6. Accrued Compensation. On any termination of the Executive’s employment with the Company Group, the Executive will be entitled to receive any amounts earned, accrued or owing but not yet paid under Section 3 above, and any benefits accrued or earned under the Company’s benefits plans and programs.

7. Conditions to Receipt of Severance.

(a) Separation Agreement and Release of Claims. The Executive’s receipt of any severance payments or benefits upon the Executive’s Qualifying Termination under Section 5 is subject to the Executive signing and not revoking the Company’s then-standard separation agreement and release of claims (which may include an agreement not to disparage any member of the Company Group, non-solicit provisions, an agreement to assist in any litigation matters, and other standard terms and conditions in a form reasonably acceptable to the Company) (the


Release” and that requirement, the “Release Requirement”), which must become effective and irrevocable no later than the sixtieth (60th) day following the Executive’s Qualifying Termination (the “Release Deadline”). If the Release does not become effective and irrevocable by the Release Deadline, the Executive will forfeit any right to severance payments or benefits under Section 5.

(b) Payment Timing.
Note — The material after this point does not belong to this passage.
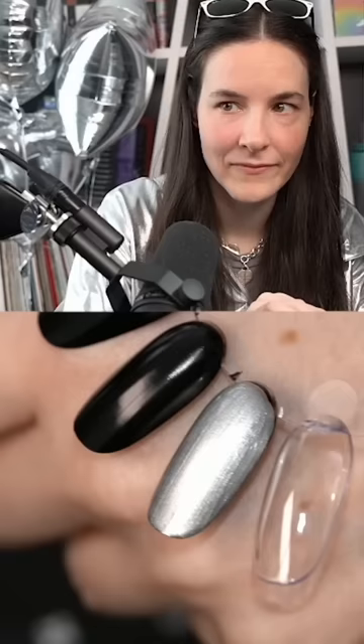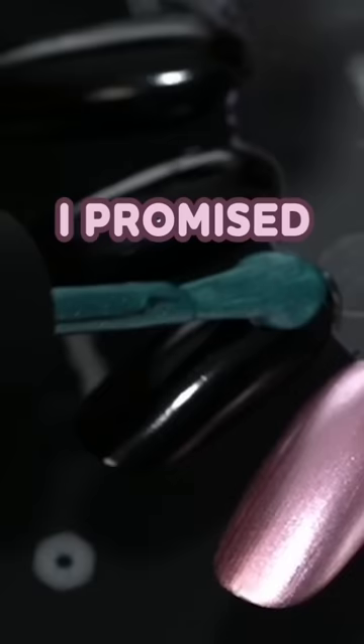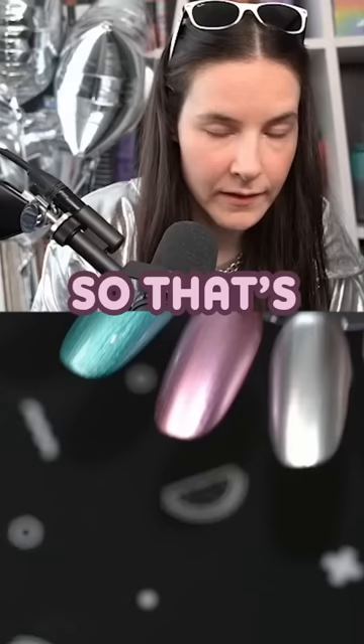So that was one coat, just to show you how opaque it is. I promised you that this is a one coat chrome, that's why I'm showing it over black. They're one coat — she said what she said, she didn't lie.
Any lump sum cash payments under Sections 5(a)(i), 5(b)(i), or 5(b)(ii) will be provided on the first regularly scheduled payroll date of the Company following the date the Release becomes effective and irrevocable (the “Severance Start Date”), subject to any delay required by Section 7(d) below. Any taxable installments of any COBRA-related severance benefits that otherwise would have been made to the Executive on or before the Severance Start Date will be paid on the Severance Start Date, and any remaining installments thereafter will be provided as specified in the Agreement. Any restricted stock units or similar full value awards that accelerate vesting under Section 5(b)(iv) will be settled (x) on a date no later than ten (10) days following the date the Release becomes effective and irrevocable, or (y) if later, in the event of a Qualifying Pre-CIC Termination, on a date no later than the Change in Control.

(c) Return of Company Property. The Executive’s receipt of any severance payments or benefits upon the Executive’s Qualifying Termination under Section 5 is subject to the Executive returning all documents and other property provided to the Executive by any member of the Company Group (with the exception of a copy of the Company employee handbook and personnel documents specifically relating to the Executive), developed or obtained by the Executive in connection with his or her employment with the Company Group, or otherwise belonging to the Company Group.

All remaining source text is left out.